Günümüzün çalışma ritmi ve yoğun hayat tarzı bir kenara, bel çevremize farklılık getirecek adımlar var.
Kahvaltıyı atmalamak ya da sadece bir dilim ekmek yemek Dr. Brown'a göre yapılmaması gereken bir şey. Aksine bol proteinli, yağlı ve karbonhidratlı bir kahvaltı, örneğin ekmek üstü yumurta, sizi daha uzun süre tok tutar. Bunu besin değeri yüksek bir öğle yemeği ve hafif bir akşam yemeği takip etmeli.
4. Beyninizi kandırın
Araştırmalar İngilizlerin ne kadar yediklerini ve kalori almanın insanların yüzde 30-50'si tarafından önemsenmediğini gösteriyor.
Davranışsal bilim insanı Hugo Harper yeme alışkanlıklarınızı bilinç altında değiştirmenin birkaç yolu olduğunu söylüyor. Örneğin görsel cazibeleri yok etmek sadece iradeye güvenmekten daha etkili olabilir.
Mutfak tezgahı üstünde sağlıksız atıştırmalıklar bulundurmayın. Bir meyve çanağı yada sağlıklı atıştırmalıkları ulaşılabilir ve görünen yerlere koyun. Televizyonun karşısına bir paket bisküviyle oturmayın. Bir tabağa yemek istediğiniz kadarını koyun ve onu bitirin.
Dr. Harper ikame davranışları cesaretlendiriyor. En sevilen yiyecekleri yasaklamak yerine onların düşük kalorili çeşitlerini tüketmek gibi. Meyve sularının diyet versiyonlarını tercih etmek ya da porsiyonları azaltmak daha etkili olabilir.
Dr. Harper insanların posiyonlarının yüzde 5-10 azaldığında fark etmediklerini söylüyor.

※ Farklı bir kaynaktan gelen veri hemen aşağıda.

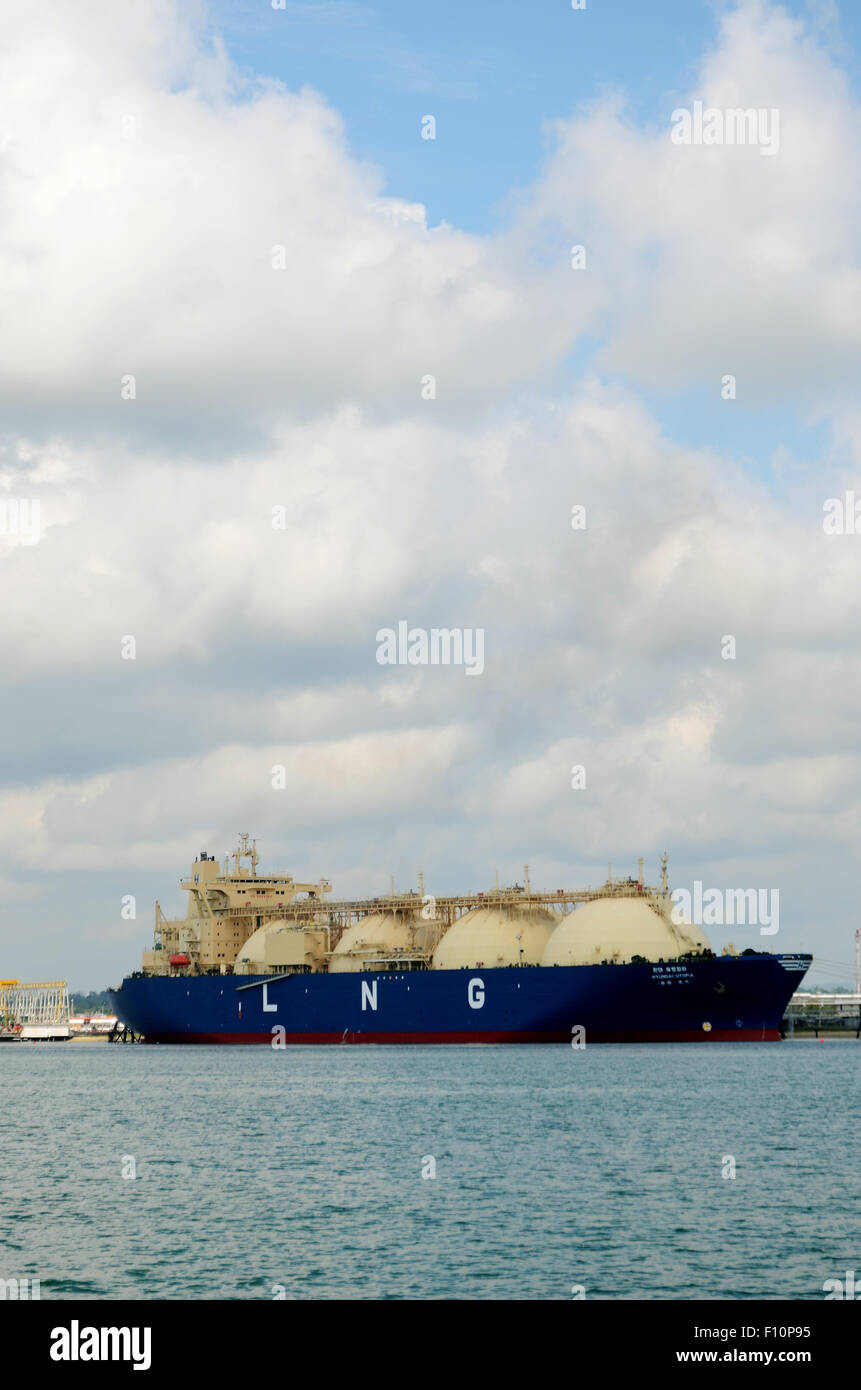 LNG Tanker at seaport Stock Photo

Düşünmeden yemek yeme eğilimi göz önüne alınırsa yemek paketlerindeki servis önerilerini dikkate almak ya da daha küçük tabaklar kullanmak fazla kalori almayı engelleyebilir.
5. Hormonlar
Bariatrik cerrahisi sadece daha küçük bir mide yaratmak için değil aynı zamanda hormonları da değiştirmekle ilgili.
İştahımız hormonlarımız tarafından kontrol ediliyor ve bariatrik cerrahi bize tok hissettiren hormonların artmasına ve bize aç hissettiren hormonların azalmasına neden oluyor. Ancak bu büyük bir ameliyat çünkü midenin yüzde 90'ı alınıyor ve sadece vücut kitle endeksi en az 35 olan insanlarda uygulanıyor.

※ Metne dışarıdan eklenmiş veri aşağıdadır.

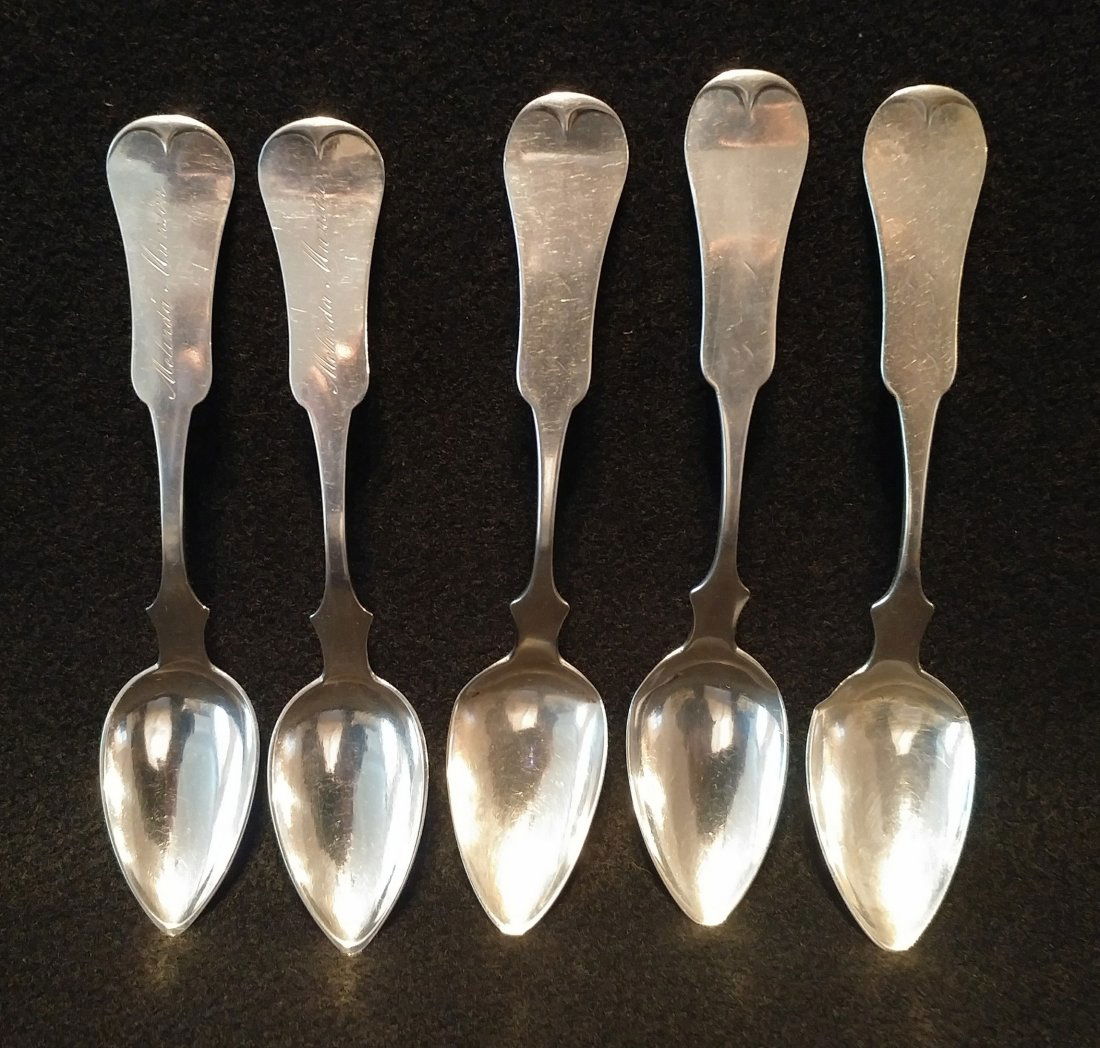 E&D Kinsey Lot of 5 Coin Silver Desert Spoons 1800s (1 of 3)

Londra'da Imperial College üniversitesindeki araştırmacılar bariatrik cerrahinin ardından iştahta değişikliğe neden olan bağırsak hormonları yaratmayı başardılar. Dört hafta boyunca hastalara üç karma hormon enjeksiyon yoluyla nakledildi.
Dr. Tricia Tan "Hastalar daha az açlık hissediyor, daha az yiyor ve 28 günde 2-8 kilo veriyor" dedi. Eğer bu karışım güvenli bulunursa hastaların sağlıklı bir kiloya kavuşana kadar kullanılması planlanıyor.